Os gregos estavam desguarnecidos para uma resposta a altura do avanço judaico.
A única saída seria enfrentar o adversário com as próprias armas: O velho testamento.
Os deuses gregos prometiam nada enquanto o Deus dos judeus prometia tudo.
Foi desse modo que o todo poderoso Zeus tornou-se Deus.
O cristianismo nunca foi uma simples religião. É uma cultura religiosa heleno-judaica.
Não se admite que o Novo testamento seja apenas um livro religiosos e não histórico, no sentido que hoje compreendemos a história.
Nas profundezas da criatura humana está a espera o manual para suas decifrações.
Para a história o Deus da bíblia não é um mistério.
O aprendizado penoso tem mostrado ao longo do tempo...
Que quando persiste um mistério  alguém está ganhando com ele.
Por Ivani Medina.

quarta-feira, 26 de janeiro de 2011

"Deus ou Natureza"

O Deus de Einstein




Quando, em 1921, perguntado pelo rabino H. Goldstein, de New York, se acreditava em Deus, o físico Albert Einstein respondeu: "Acredito no Deus de Espinosa, que se revela por si mesmo na harmonia de tudo o que existe, e não no Deus que se interessa pelo destino e pelas ações dos homens".
Einstein enfrentou críticas, e o cardeal O’Connel, de Boston, publicou uma declaração na qual dizia que a teoria da relatividade "encobre com um manto o horrível fantasma do ateísmo, e obscurece especulações, produzindo uma dúvida universal sobre Deus e sua criação". Hoje o Papa parece conviver bem com a idéia de Deus ser uma força por trás do Big Bang, conciliando (na medida do possível) ciência e religião.
Seis anos depois, em uma carta escrita a um banqueiro do Colorado, Einstein explica: "Não consigo conceber um Deus pessoal que influa diretamente sobre as ações dos indivíduos, ou que julgue, diretamente criaturas por Ele criadas. Não posso fazer isto apesar do fato de que a causalidade mecanicista foi, até certo ponto, posta em dúvida pela ciência moderna. Minha religiosidade consiste em uma humilde admiração pelo espírito infinitamente superior que se revela no pouco que nós, com nossa fraca e transitória compreensão, podemos entender da realidade. A moral é da maior importância - para nós, porém, não para Deus".
No artigo Religião e Ciência, que faz parte do livro Como vejo o mundo, publicado em alemão em 1953, Einstein escreve: "Todos podem atingir a religião em um último grau, raramente acessível em sua pureza total.

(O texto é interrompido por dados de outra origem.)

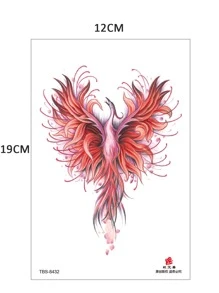 1入組防水暫時性刺青貼紙,鳳凰、火焰和曼陀羅花形狀,適用於女性和女孩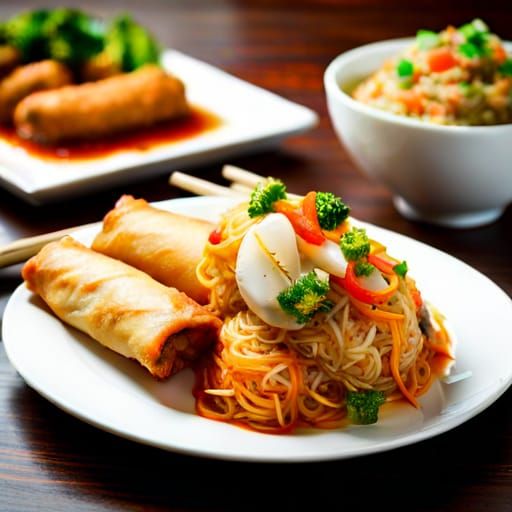 plate of chinese food on the dinner table, fried rice, egg rolls, chop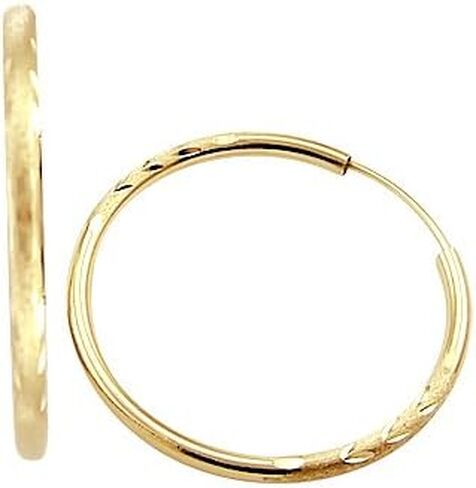 14k Yellow Gold Diamond Cut Hoop Earrings New 1.25" in Saudi Arabia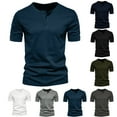 thumbnail image 1 of Antinious Men Casual Solid Fashion Pullover Round Neck Short Sleeve Blouse,Army Green,M, 1 of 5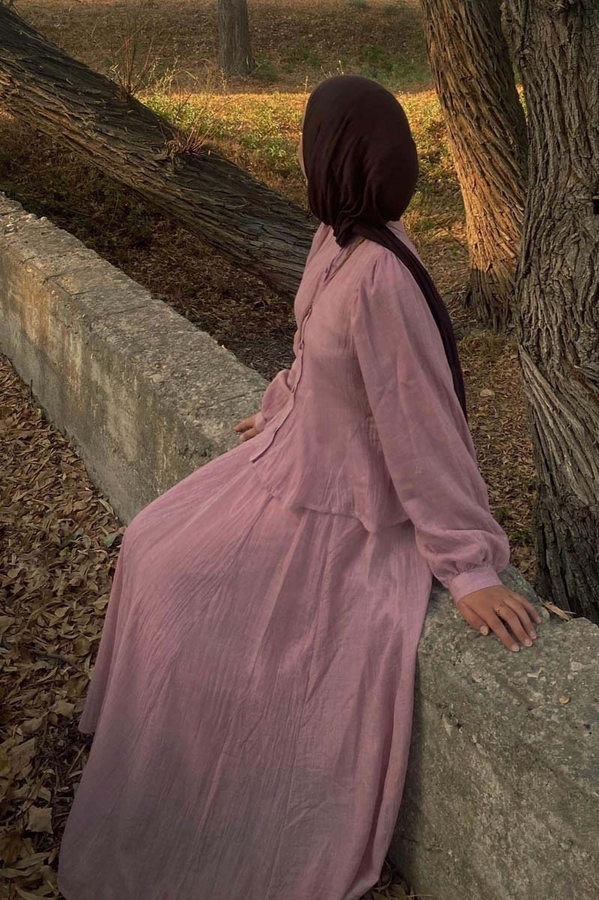 Powder Pink Relaxed Skirt with Stitch Details - 2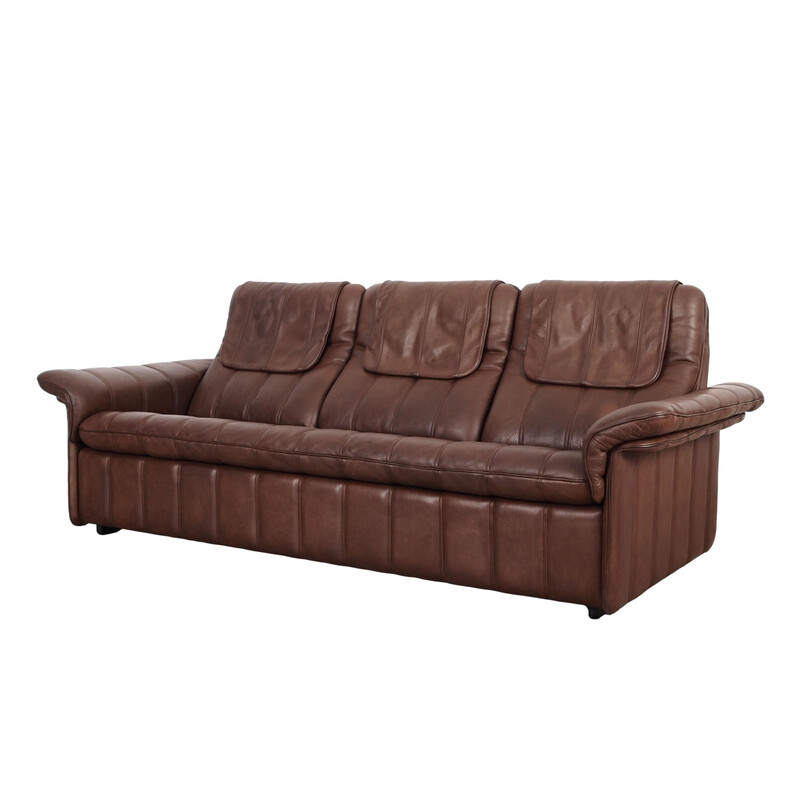 Vintage brown leather sofa by De Sede, Swiss 1970s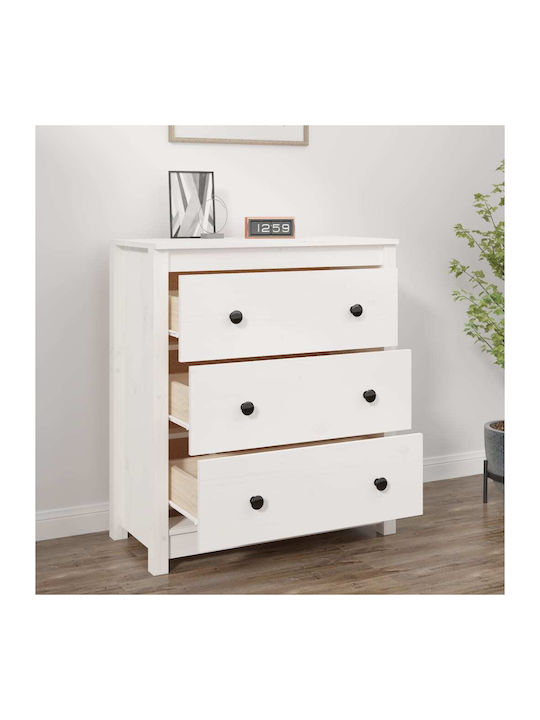 Chest of Drawers of Solid Wood with 3 Drawers White 70x35x80cm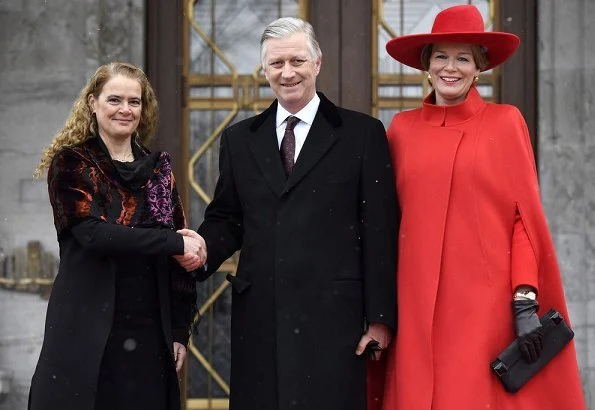 King Philippe and Queen Mathilde of Belgium are welcomed at Rideau Hall by Governor General Julie Payette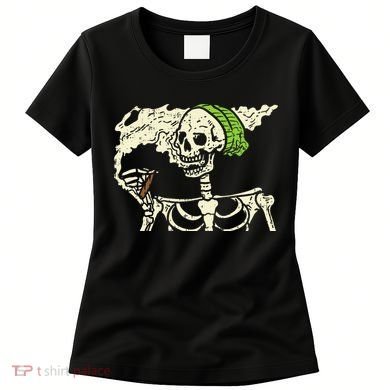 Smoking Skeleton Joint Funny Weed Pot 420 Cannabis Halloween Women's T-Shirt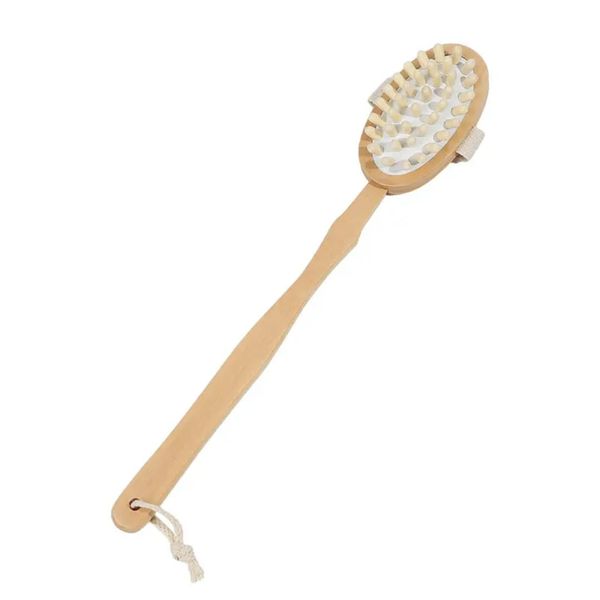Wooden Bath Shower Body Massage Soft Bristle Brush With Long Handle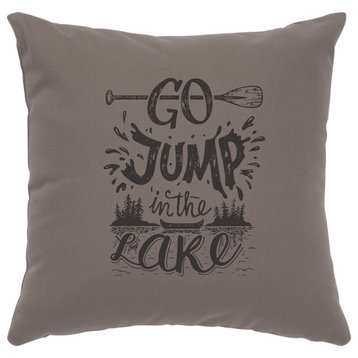 Image Pillow 16x16 Jump, Lake Cotton Chrome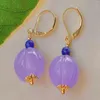 Boucles d'oreilles pendantes calcédoine violette naturelle perles de Lapis Lazuli boucle d'oreille en or bijoux d'aquaculture mariage classique FOOL'S DAY culture d'eau douce
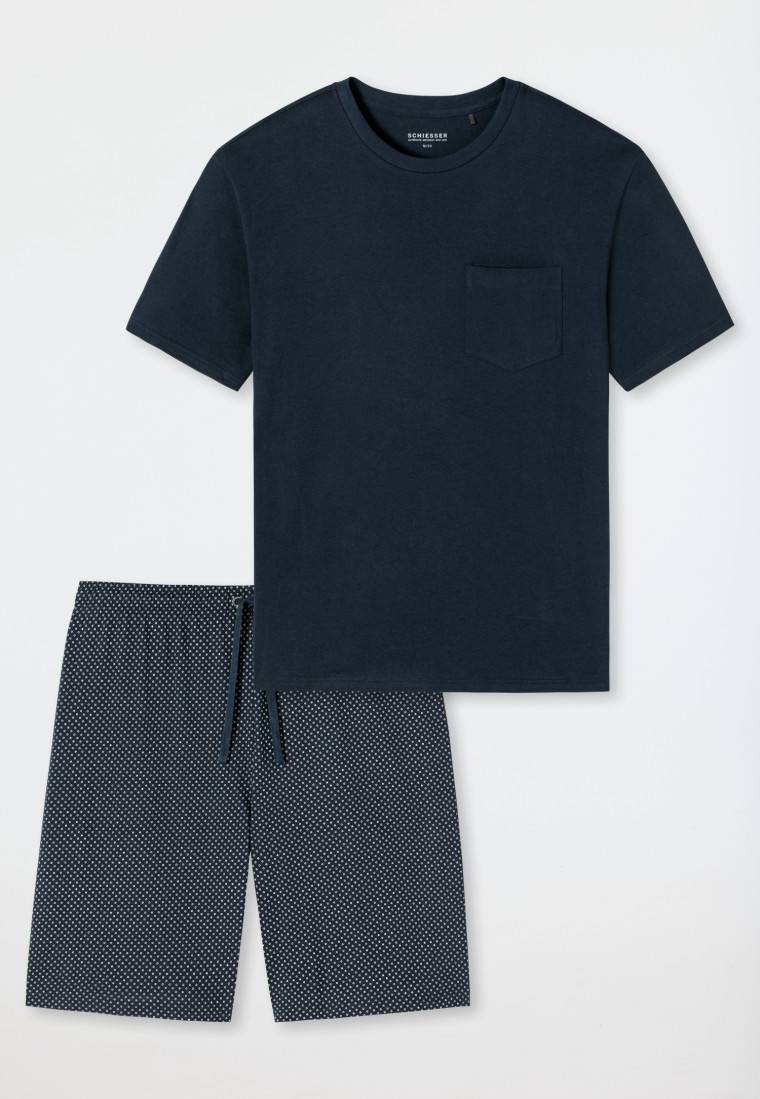 Schiesser Schlafanzug kurz Jersey blau - Ebony Auslauf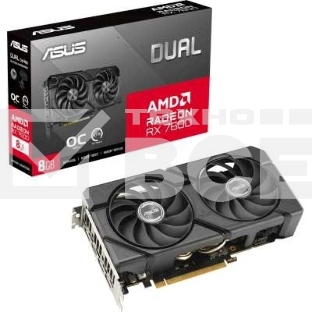 Видеокарта Asus AMD Radeon RX 7600 8Gb PCI-E DUAL-RX7600-O8G-EVO 128bit GDDR6 2280/18000 HDMIx1 DPx3 HDCP Ret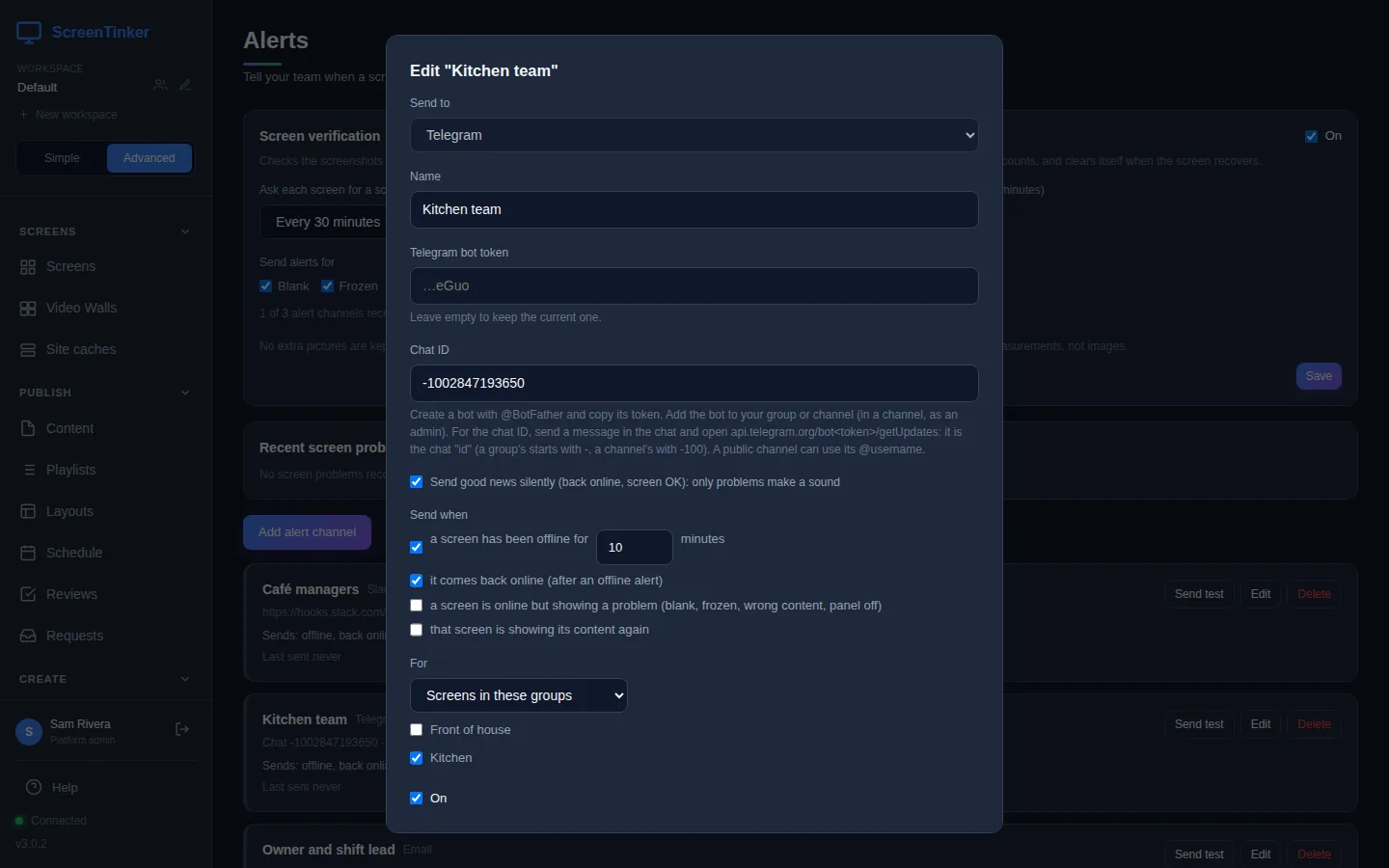 The Edit Kitchen team form. Send to is Telegram and cannot be changed. The Telegram bot token box shows only its last four characters with the hint Leave empty to keep the current one. Chat ID is -1002847193650 with a hint about BotFather and getUpdates. Send good news silently is ticked. Send when has offline for 10 minutes and back online ticked. For is Screens in these groups, with Kitchen ticked and Front of house not.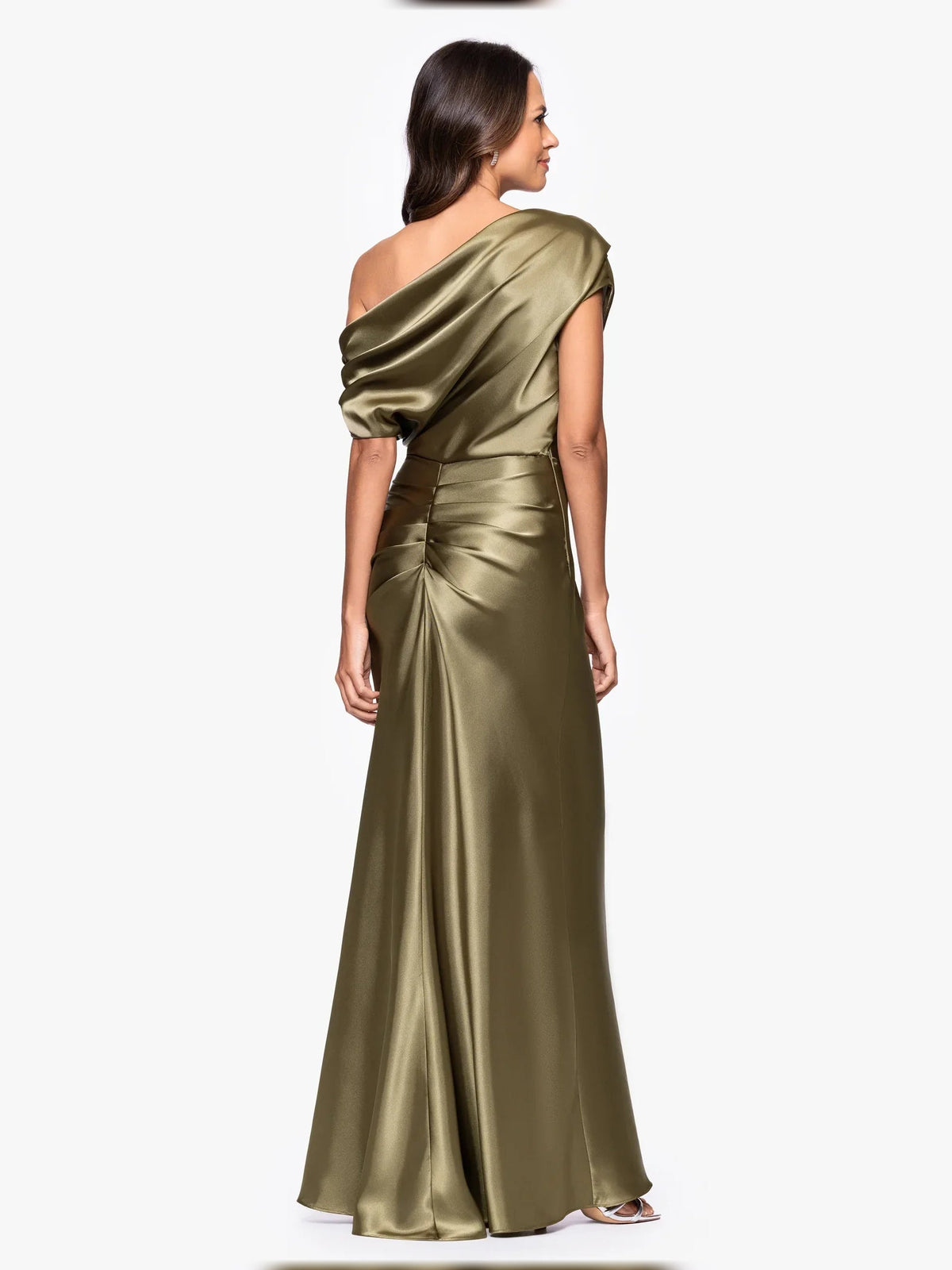 Olive green satin one-shoulder draped mermaid floor-length dress, back view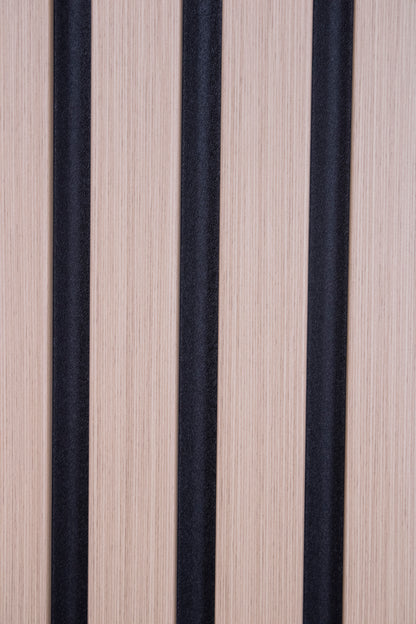 White Oak With Black Accents With Black Accents Wood Slat Panels for Walls - Stout (94" Long and 106" long)
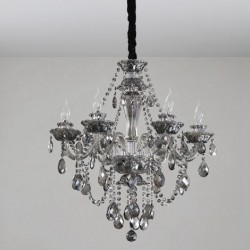 6 Lights Retro Grey Colour K9 Crystal Candle Large Chandelier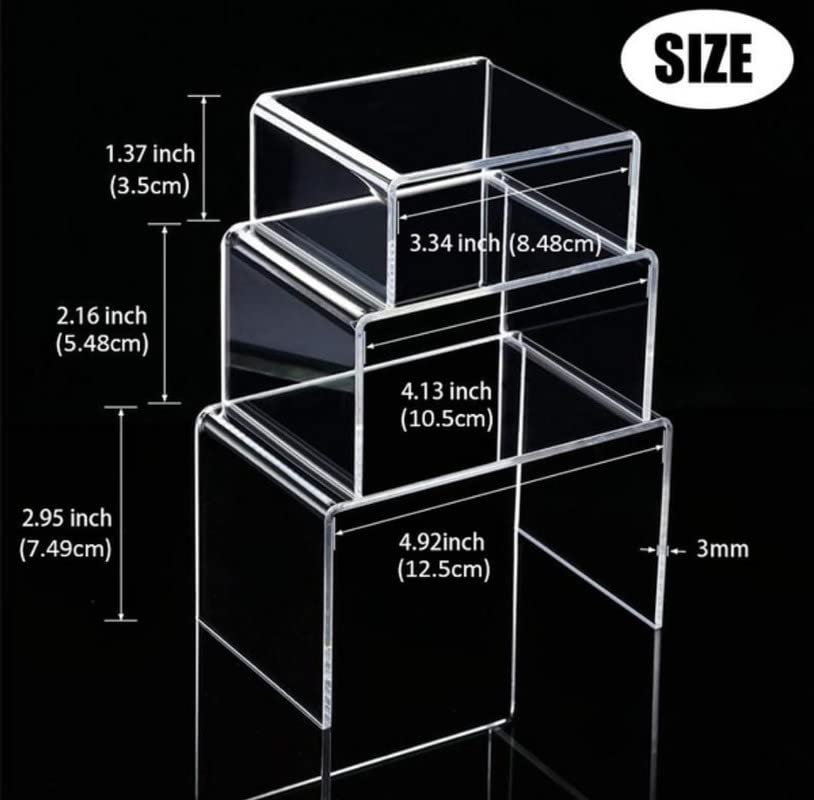 CrazyInk Acrylic Display Risers, Jewelry Display Riser Shelf Showcase Fixtures (Small Set, Clear) Crazyink-239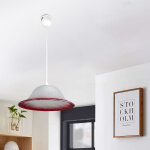 Suspension en verre fum� blanc et rouge abat jour cloche lustre luminaire art deco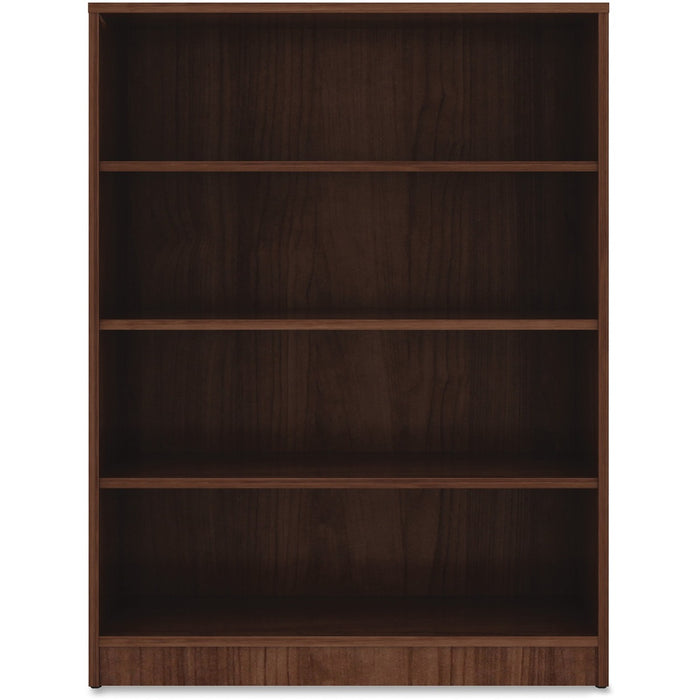 Lorell Laminate Bookcase - 4 Shelf(ves) - 48" Height x 36" Width x 12" Depth - Sturdy, Adjustable Feet - Walnut - Laminate - 1 Each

Dou a isto o nome de religiosidade cósmica e não posso falar dela com facilidade, já que se trata de uma noção muito nova, à qual não corresponde conceito algum de um Deus antropomórfico (...) Notam-se exemplos desta religião cósmica nos primeiros momentos da evolução em alguns salmos de Davi ou em alguns profetas. Em grau infinitamente mais elevado, o budismo organiza os dados do cosmos (...) Ora, os gênios religiosos de todos os tempos se distinguiram por esta religiosidade ante o cosmos. Ela não tem dogmas nem Deus concebido à imagem do homem, portanto, nenhuma Igreja ensina a religião cósmica. Temos também a impressão de que hereges de todos os tempos da história humana se nutriam com esta forma superior de religião. Contudo, seus contemporâneos muitas vezes os tinham por suspeitos de ateísmo, e às vezes, também, de santidade. Considerados deste ponto de vista, homens como Demócrito, Francisco de Assis e Spinoza se assemelham profundamente".
Quem foi Espinosa, a inspiração para Einstein?
Bento de Espinosa foi um dos grandes filósofos racionalistas do século XVII, juntamente com René Descartes. Nasceu nos Países Baixos em uma família judaica portuguesa e é considerado o fundador do criticismo bíblico moderno. Foi profundo estudioso da Bíblia, de obras religiosas judaicas e de filósofos como Sócrates, Platão, Aristóteles, Demócrito, Epicuro e Lucrécio.
Foi excomungado pela Igreja devido aos seus pensamentos em relação a Deus. Espinosa foi considerado como maldito por muitos anos após sua morte. Quem recuperou sua reputação foi o crítico Lessing em seus diálogos com Jacobi, em 1784. Na seqüência, o filósofo foi citado, elogiado e inspirou pessoas como os teólogos liberais Herder e Schleiermacher, o poeta católico Novalis e o grande Goethe.
Em Haia, onde morreu, foi construído um monumento em sua homenagem, assim comentado por Ernest Renan em 1882:
"Maldição sobre o passante que insultar essa suave cabeça pensativa. Será punido como todas as almas vulgares são punidas: pela sua própria vulgaridade e pela incapacidade de conceber o que é divino. Este homem, do seu pedestal de granito, apontará a todos o caminho da bem-aventurança por ele encontrado; e por todos os tempos o homem culto que por aqui passar dirá em seu coração: Foi quem teve a mais profunda visão de Deus".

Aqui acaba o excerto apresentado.